If you call `defer()` inside a helper function, the cleanup **will not run** when that helper returns. Instead, it will wait until the entire Hook stage (e.g., `before_fetch`) is finished.

```lua
local function my_helper()
    defer(function() print("2. Cleanup runs LAST") end)
    print("1. Helper finished")
end

function before_fetch(request)
    my_helper()
    print("1.5 Hook still running")
    return request
end
-- Output:
-- 1. Helper finished
-- 1.5 Hook still running
-- 2. Cleanup runs LAST
```

### ⚠️ The Async Trap
`defer()` callbacks are **synchronous**. 
- **Rule:** Do NOT use async bindings (like `http_post`, `cdp.launch`, `page:open`) inside a `defer()` callback.
- **Behavior:** If you call an async function inside `defer()`, Lua will initiate it but SpyWeb will **not** wait for it to complete.
- **Exceptions:** Resource close methods (`browser:close()`, `context:close()`, and `page:close()`) are synchronous (they perform their network calls as background tasks) and are **fully safe** to use inside `defer()`.
- **Solution:** For async orchestration and cross-hook lifecycle logic (like network requests), use `defer.lua` (see below).

### Example: Safely Closing a Browser
```lua
function override_fetch(request)
    local browser = cdp.launch({ headless = true })
    
    -- Always kills the browser after hook exits, preventing zombie processes
    defer(function() browser:close() end) 
    
    local page = browser:attach()
    local ok, err = page:open(request.url)
    
    if not ok then
        -- browser:close() safely fires before returning
        return { error = "Navigation failed: " .. tostring(err) }
    end

    local found, wait_err = page:wait_for_selector(".dynamic-content", 10000)
    if not found then
        -- browser:close() safely fires before returning
        return { error = "Selector timeout: " .. tostring(wait_err) }
    end
    
    return { status = 200, body = page:content() }
end
```

---

## 2. Cycle-Scoped Orchestration: `defer.lua`

`defer.lua` is an optional file placed in your job directory (alongside `hooks.lua`).
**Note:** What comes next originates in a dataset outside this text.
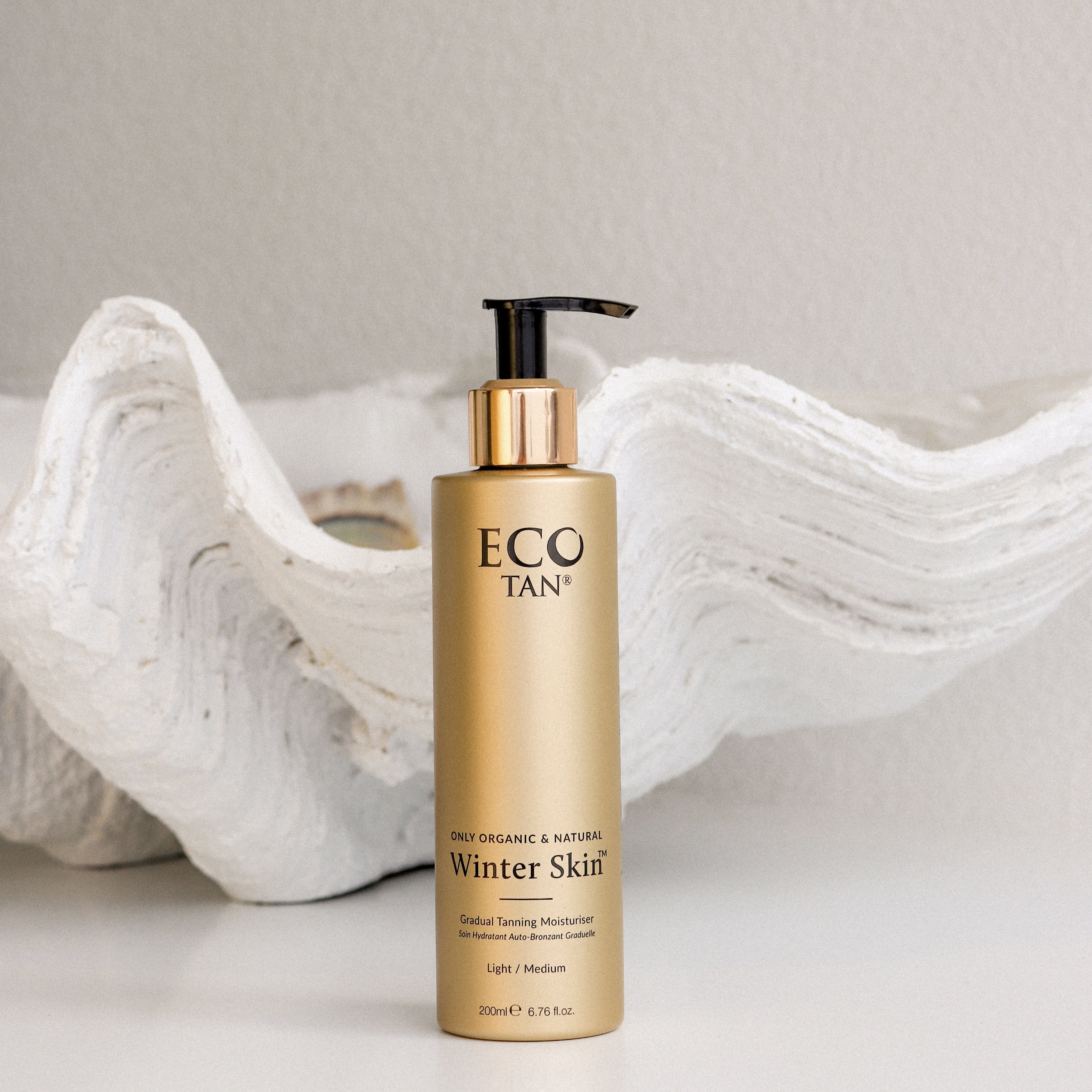 Eco Tan Winter Skin gradual tanning lotion white shell background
While `defer()` is for local janitorial work, `defer.lua` is a powerful **orchestration layer** designed for logic that requires a "whole cycle is done" guarantee.

### Good Uses for `defer.lua`
- External HTTP calls and Webhooks
- Telemetry flushing and metrics aggregation
- Alerting and failure notifications
- Releasing resources shared across hooks
- Persistence, snapshots, or writing audit logs

### Lifecycle Hooks
| Function | When it fires | Use Case |
|----------|---------------|----------|
| `on_success()` | Cycle completed without any fatal errors | Post-run telemetry, aggregate success APIs |
| `on_error(err)` | Cycle failed with a fatal error | Critical failure alerts (Discord/Slack/PagerDuty) |
| `on_finally()` | **Always** fires at the end of every cycle | State reset, writing audit logs |

### Shared State & Async Support
`defer.lua` shares the **same Lua VM** as `hooks.lua`. You can pass data between them simply by using standard **Lua globals** (variables declared without the `local` keyword). Furthermore, unlike the `defer()` binding, all functions in `defer.lua` **fully support async bindings** (like `http_post`).

```lua
-- hooks.lua
function after_extract(items)
    items_found = #items
    return items
end

-- defer.lua
function on_finally()
    local count = items_found or 0
    
    -- Async network calls are fully supported here
    http_post("https://metrics.example.com/push", '{"items": ' .. count .. '}', {
        ["Content-Type"] = "application/json"
    })
    
    -- Reset state for the next cycle
    items_found = nil
end
```

---

## Which one should I use?

| Goal | Mechanism |
|------|-----------|
| Close a browser/page opened in a single hook | `defer()` |
| Push aggregate metrics after a cycle finishes | `defer.lua` + `on_success` / `on_finally` |
| Alert on job failure via HTTP API | `defer.lua` + `on_error` |
| Clean up shared state at the end of a run | `defer.lua` + `on_finally` |
| Handle nested resources in a specific order | `defer()` multiple times (LIFO) |

## Memory Hygiene
SpyWeb automatically wipes transient globals like `last_fetch` and `selector_matches` after `on_finally` returns to keep the memory footprint low during long sleep intervals.